Have you dreamed of creating your own perfume brand? Or wondered what keeps artisan perfumers busy behind the scenes? Maybe you have taken classes and developed some formulas, and now your friends say that they want to buy your fragrances. Should perfumery remain a hobby or should you take it to the next level?

I often receive emails from people who request advice about starting a brand; I can’t answer those questions individually, but this post covers some points that I think would be important for those inquirers to consider. You can find plenty of general advice for starting a business, such as how to obtain a license and business name, but this post covers details that are more specific to artisan businesses and to perfumery in particular. The following 12 suggestions are based on my experience gained from running an artisan perfumery since 2004. Your experience may vary, of course.

Ask yourself if you can juggle the many different aspects of the job beyond the formulating. Evaluate which tasks you cannot do, whether you will have the funds to hire help for those aspects of the business, and whether those expenses are one-time or ongoing. Can you design a logo and packaging? Use Photoshop? Create a brand identity? Design and maintain a website? Photograph your products?  File trademarks? Answer all customer emails promptly and courteously? Create all the juice and fill all the bottles? Pack and ship all the orders? Source ingredients and maintain ingredient inventory? Follow social media and post about your products? File 1099’s and payroll paperwork? Keep track of all the incoming payments and outgoing expenses in some kind of financial software so that you or someone else can file your income taxes and sales taxes? Certain people thrive on this kind of multi-tasking, while others find it overwhelming. You need skills in many areas and the self-discipline to stay on top of things. You also need the ability to research products and procedures.

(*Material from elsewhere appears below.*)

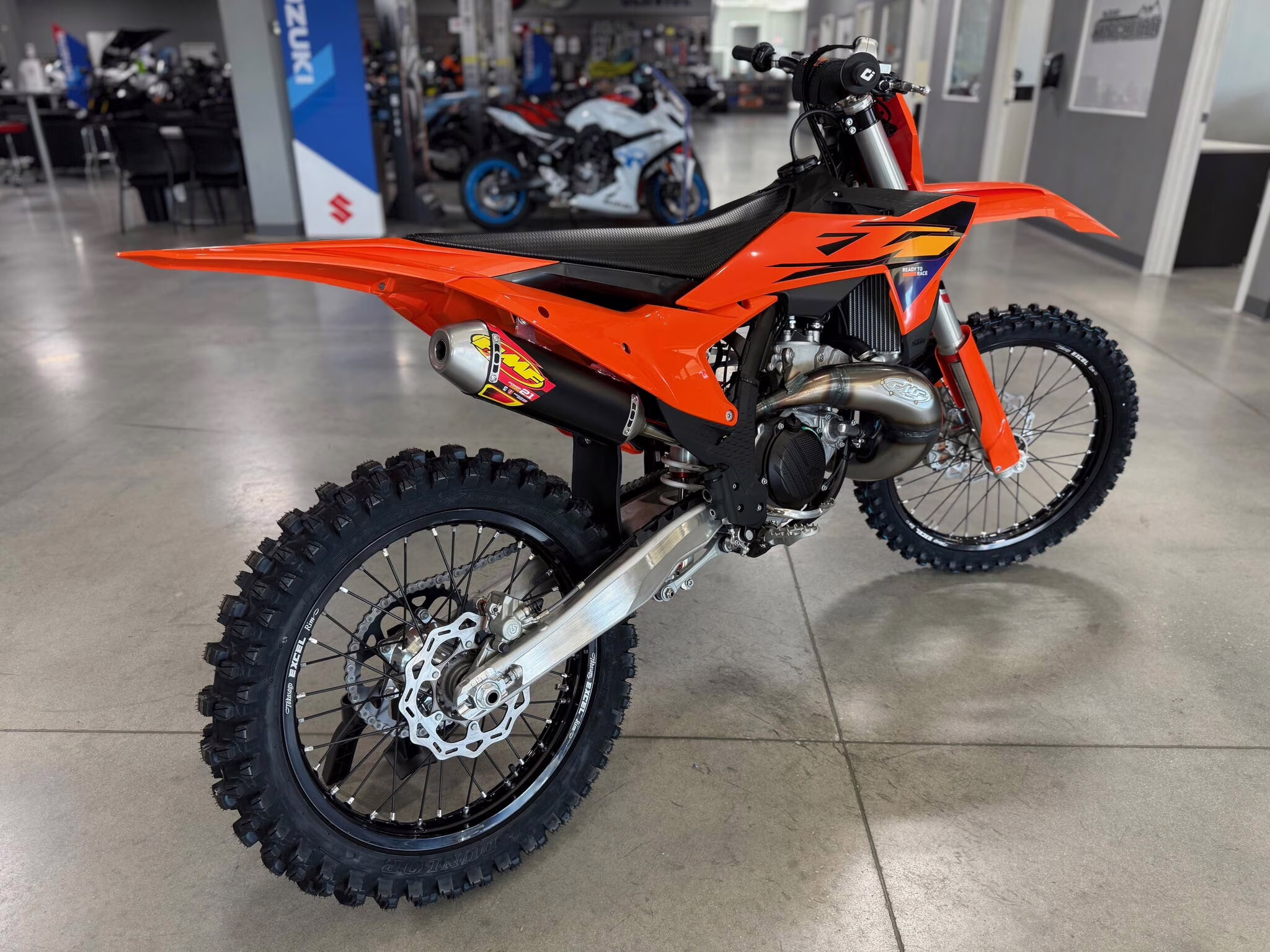 2026 KTM SX 300 Motorcycle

People are quick to visualize the fun aspects of creating a brand, but they tend to be less able to imagine all the little details that go into it.

Remember that your products have to be priced not just to cover the cost of your ingredients and packaging, but also to cover all the costs of running your business. One of the most common misconceptions I see about pricing artisan perfume is that the cost of a finished product can be approximated by the cost of the ingredients and packaging, when in fact the total cost to the creator is much more. I’m not trying to justify the absurdly high prices we’ve seen in the niche market lately, but product pricing is more complex than people realize. Expenses incurred by an artisan perfumery business include payment processing fees, website fees, business insurance, employees/contract labor (this will include ongoing helpers such as a shipping assistant or an accountant as well as one-time hires for tasks like graphic design), ingredients that go into product development, postage, sales taxes, alcohol taxes, equipment (computers, labelers, scales, crimping machines, refrigerators, shelving, etc.), supplies (bottles used for developing formulas, pipettes, filters, gloves, shipping tape, boxes, bubblewrap, mailers, ink, label tape, tissue paper, etc.), computer software (for example Photoshop, Excel, Quickbooks), promotional giveaways, business cards, education, licensing, contests, trade show displays, and organization dues. If you run a lean business and do most of the work yourself, you can keep prices lower, though you will not be paid for your many hours of work and you’ll still have the non-employee costs mentioned above. Artisan businesses tend to be labors of love, but they can also create income for you if you take all the costs into account. Some artisans create more profit by collecting fees for teaching classes, adding another source of income to the business in addition to product sales.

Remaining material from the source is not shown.